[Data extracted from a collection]
=== Begin Enclosure ===
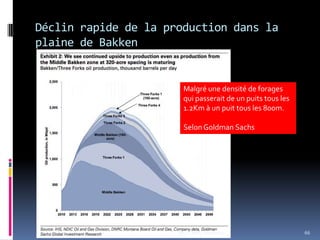 Déclin rapide de la production dans la
plaine de Bakken

Malgré une densité de forages
qui passerait de un puits tous les
1.2Km à un puit tous les 800m.
Selon Goldman Sachs

Ph.LC Milly 17/10/2013

66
=== End Enclosure ===
The entries above must be output exactly, with every image left out.

 Déclin rapide de la production dans la
plaine de Bakken

Malgré une densité de forages
qui passerait de un puits tous les
1.2Km à un puit tous les 800m.
Selon Goldman Sachs

Ph.LC Milly 17/10/2013

66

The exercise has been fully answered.